Salve Gananjay G, Datar Gauri M, Perumal Gopinath, Singh Aakansha Ajay Vir, Ayer Julian G, Roberts Philip, Sholler Gary F, Cole Andrew D, Pigott Nick, Loughran-Fowlds Alison, Weatherall Andrew, Alahakoon T Indika, Orr Yishay, Nicholson Ian A, Winlaw David S
1 Heart Centre for Children, The Children's Hospital at Westmead, Westmead, New South Wales, Australia.

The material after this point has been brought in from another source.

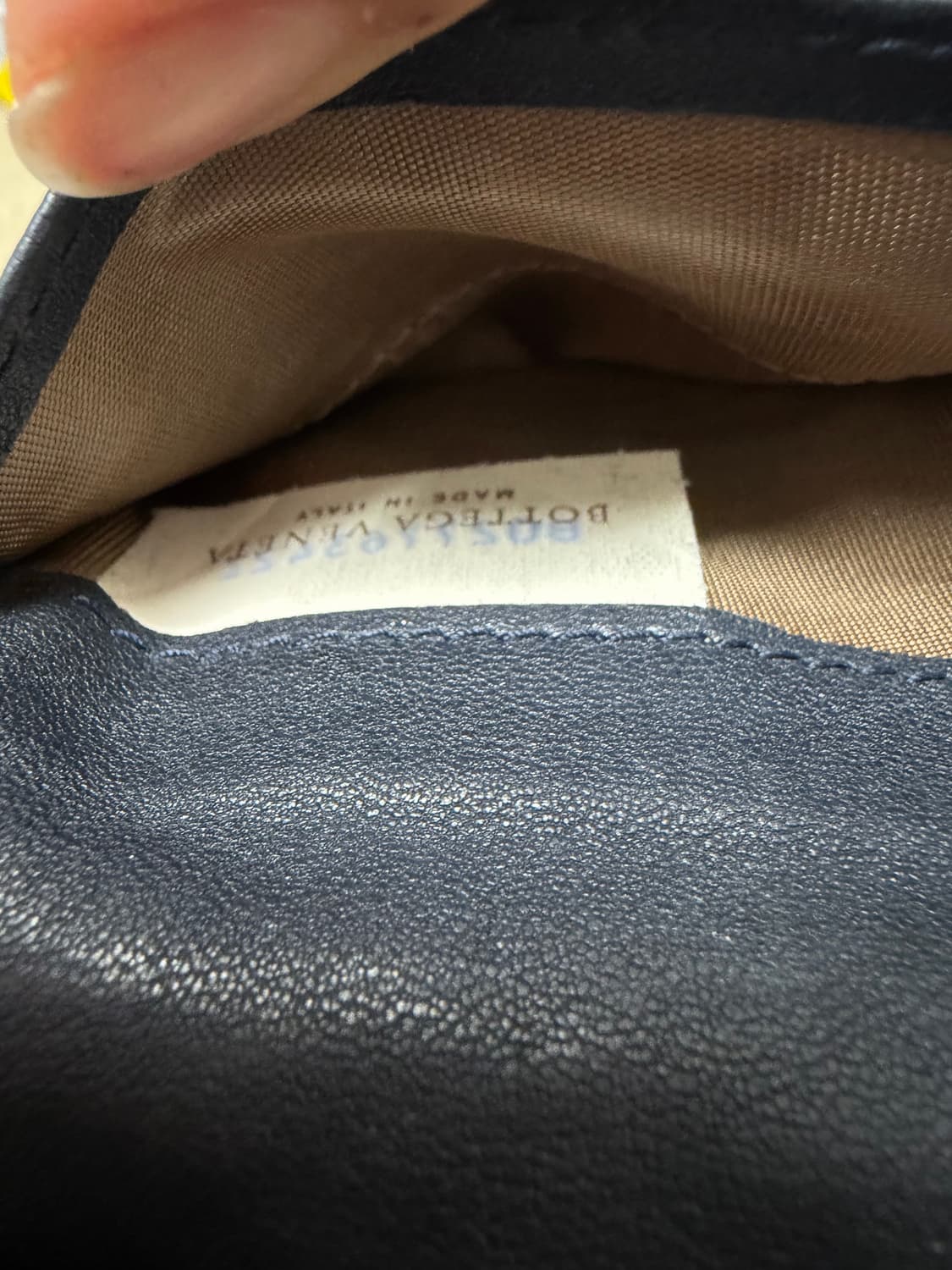 [정품] 보테가베네타 인트레치아노 반지갑 네이비 상품이미지8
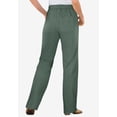thumbnail image 2 of Woman Within Plus Size Perfect Back-Elastic Gap-Free Straight-Leg Cotton Jeans, 2 of 6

2 Faculty of Medicine and Health, The University of Sydney, Sydney, New South Wales, Australia.
World J Pediatr Congenit Heart Surg. 2019 Jul;10(4):475-484. doi: 10.1177/2150135119852319.
Management of hypoplastic left heart syndrome (HLHS) presents many challenges. We describe our institutional outcomes for management of patients with HLHS over the past 12 years and highlight our strategy for those with highly restrictive/intact interatrial septum (R/I-IAS).

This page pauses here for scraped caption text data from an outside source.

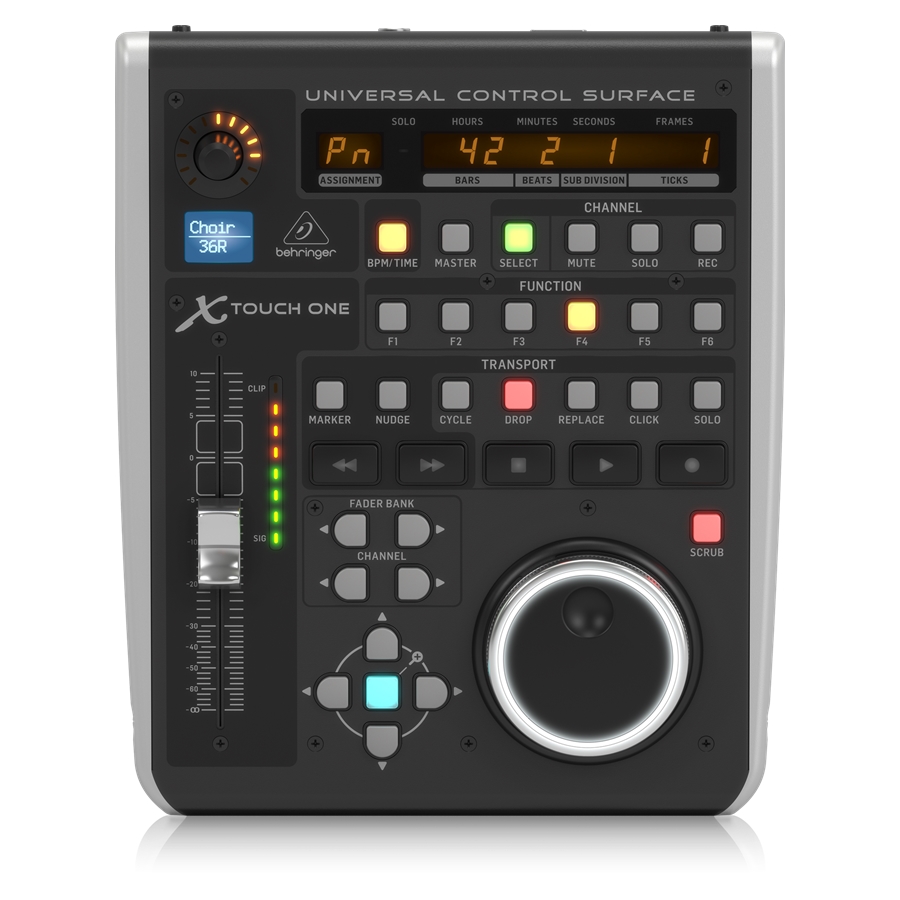BEHRINGER - Universal Control Surface with Touch-Sensitive Motor Fader and LCD Scribble Strip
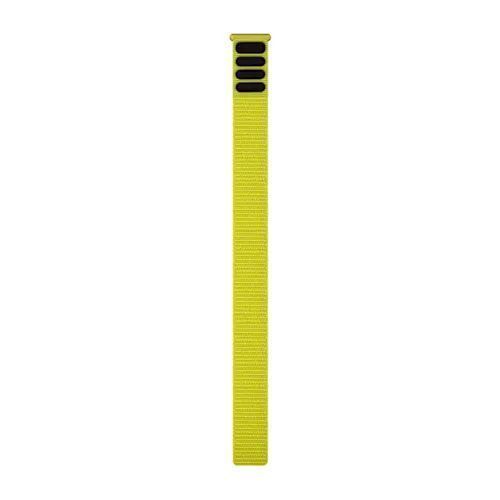 Ремінець для смарт-годинника Garmin UltraFit 22 нейлоновий Amp Yellow 010-13306-15 фото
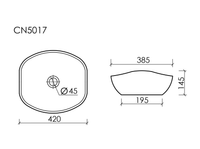 Раковина-чаша Ceramicanova Element 42 CN5017 Белая — фото 12, Раковины накладные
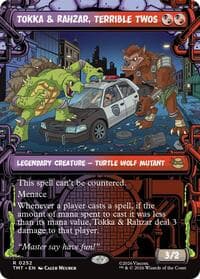Tokka & Rahzar, Terrible Twos (Showcase) - Teenage Mutant Ninja Turtles - Magic: The Gathering card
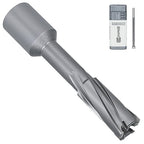 KEENTECH Carbide-Tipped Annular Cutter, 9/16" Diameter x 2" Depth, 3/4" Weldon Shank (2 Flat), High Speed Cutting TCT Mag Drill Bit with Pilot Pin for Harder Material, Stainless Steel, Cast Iron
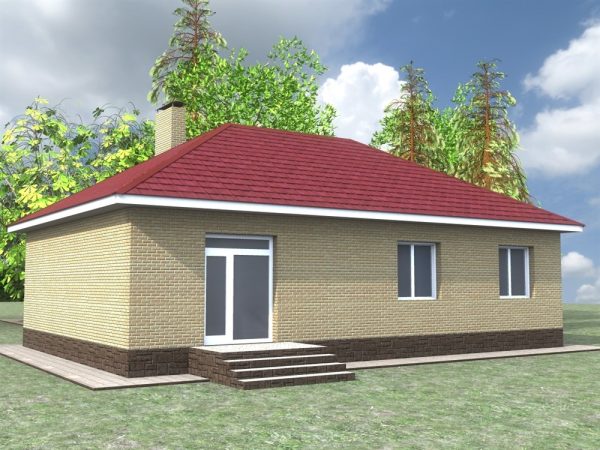 1. Проект дома A-074 Екстерьер Проект дома A-074 - фото 1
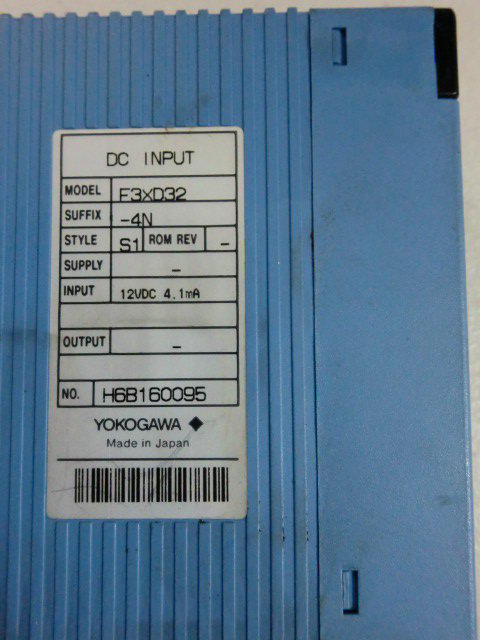 YOKOGAWA 橫河 PLC DC INPUT MODEL : F3XD32-4N (二手良品) — 3 / 3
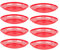 Cestino Frutta Cucina 32 Pezzi, Cestino Pane Da Tavola in Plastica, Perfetto Per Patatine Fritte, Hamburger, Snack, Rosso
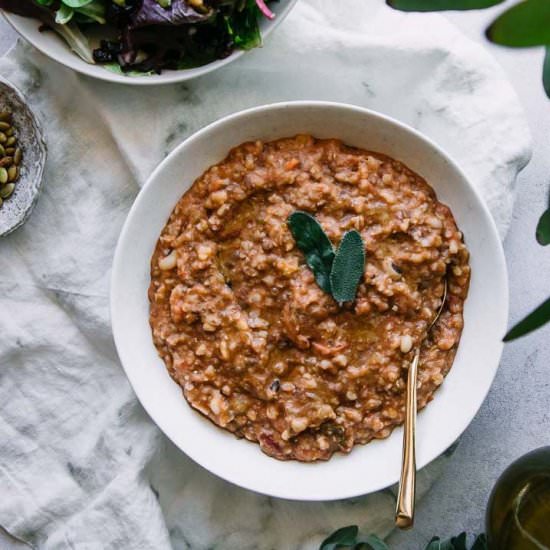 Vegan Zuppa di Farro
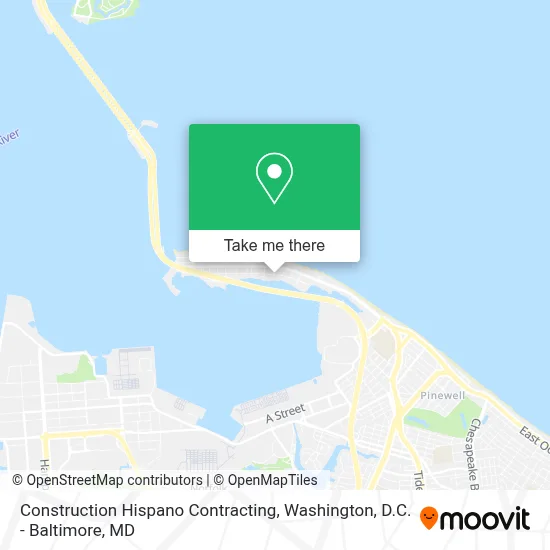 Construction Hispano Contracting map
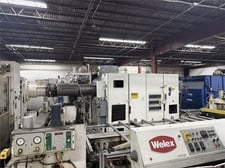 6" Welex #6.0 30D, extruder, 30:1 L/D, 500 HP Reliance AC Motor, Air-Cooled, Vented Barrel, 6 Barrel Zones, 9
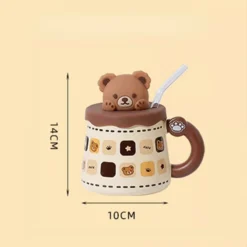 Kawaii Pastel Bear Cute Ceramic Cup (450ml) – Limited Edition -Kawaiitherapy Shop 71296 i2gyva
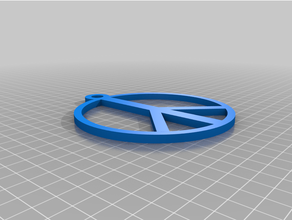 peace pendent sign 3d print model - Mito3D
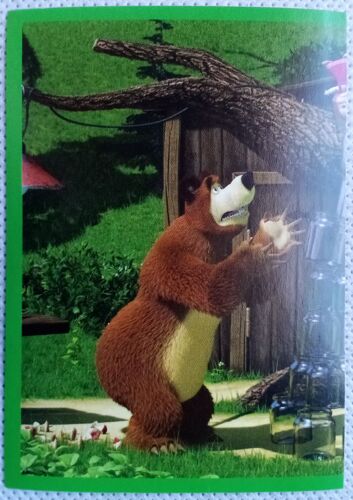 Masha Et Michka / Masha And The Bear N°17 - (Image, Sticker, Autocollant, Vignette Panini)
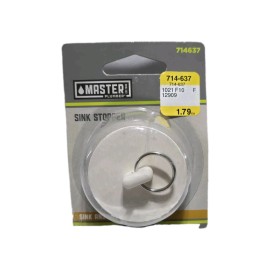 Master Plumber Sink Stopper Fits 1-5/8" To 1-3/4" Drains PN#714637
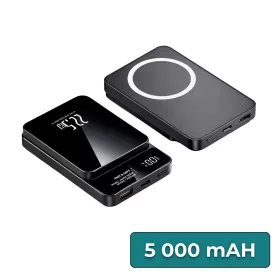 Powerbank Wireless 5000 mAh 2 A 22,5 W, schwarz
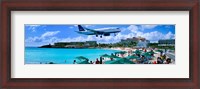 Framed Happy Landings on St. Maarten
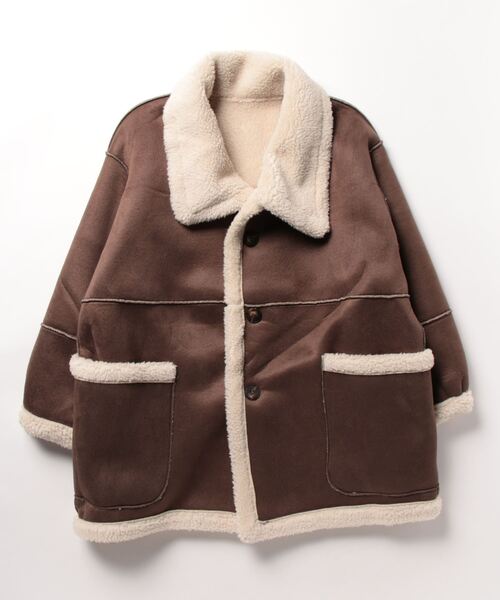 セール】2way リバーシブルムートンボアジャケット（ブルゾン）｜Sibra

Eighty-eight neonates with HLHS underwent surgical treatment, divided equally into Era-I (n = 44, April 2006 to February 2013) and Era-II (n = 44, March 2013 to June 2018). Up to 2013, all patients with R/I-IAS were delivered at an adjacent adult hospital and then moved to our hospital for intensive care and management. From 2014, these patients were delivered at a co-located theatre in our hospital with immediate atrial septectomy. The hybrid approach was occasionally used with preference for the Norwood procedure for suitable candidates.
One-year survival after Norwood procedure was 62.5% and 80% for Era-I and Era-II ( = not significant (ns)), respectively, and 41% of patients were categorized as high risk using conventional criteria. Survival at 1 year differed significantly between high-risk and standard-risk patients ( = 0.01). For high-risk patients, survival increased from 42% to 65% between eras ( = ns). In the R/I-IAS subgroup (n = 15), 11 underwent Norwood procedure after emergency atrial septectomy. Of these, seven born at the adjacent adult hospital had 40% survival to stage II versus 60% for the four born at the colocated theatre. Delivery in a colocated theatre reduced the birth-to-cardiopulmonary bypass median time from 445 (150-660) to 62 (52-71) minutes.
Reported surgical outcomes are comparable to multicenter reports and international databases. Proactive management for risk factors such as R/I-IAS may contribute to improved overall outcomes.
左心发育不全综合征(HLHS)的治疗面临诸多挑战。我们描述了过去12年我院对HLHS患者的治疗结果,并重点介绍了针对高度限制性/完整房间隔(R/I-IAS)患者的治疗策略。
88例HLHS新生儿接受了手术治疗,平均分为I期(n = 44,2006年4月至2013年2月)和II期(n = 44,2013年3月至2018年6月)。到2013年为止,所有R/I-IAS患者均在相邻的成人医院分娩,然后转至我院进行重症监护和治疗。从2014年起,这些患者在我院同址的手术室分娩并立即进行房间隔切除术。对于合适的患者,偶尔采用杂交手术方式,优先选择诺伍德手术。
诺伍德手术后I期和II期的1年生存率分别为62.5%和80%(无显著差异),41%的患者根据传统标准被归类为高危患者。高危和标准风险患者的1年生存率有显著差异(P = 0.01)。对于高危患者,不同时期的生存率从42%提高到了65%(无显著差异)。在R/I-IAS亚组(n = 15)中,11例在急诊房间隔切除术后接受了诺伍德手术。其中,在相邻成人医院出生的7例患者中,40%存活至II期,而在同址手术室出生的4例患者中这一比例为60%。在同址手术室分娩使出生至体外循环的中位时间从445(150 - 660)分钟缩短至62(52 - 71)分钟。
报告的手术结果与多中心报告和国际数据库相当。对R/I-IAS等危险因素进行积极管理可能有助于改善总体治疗效果。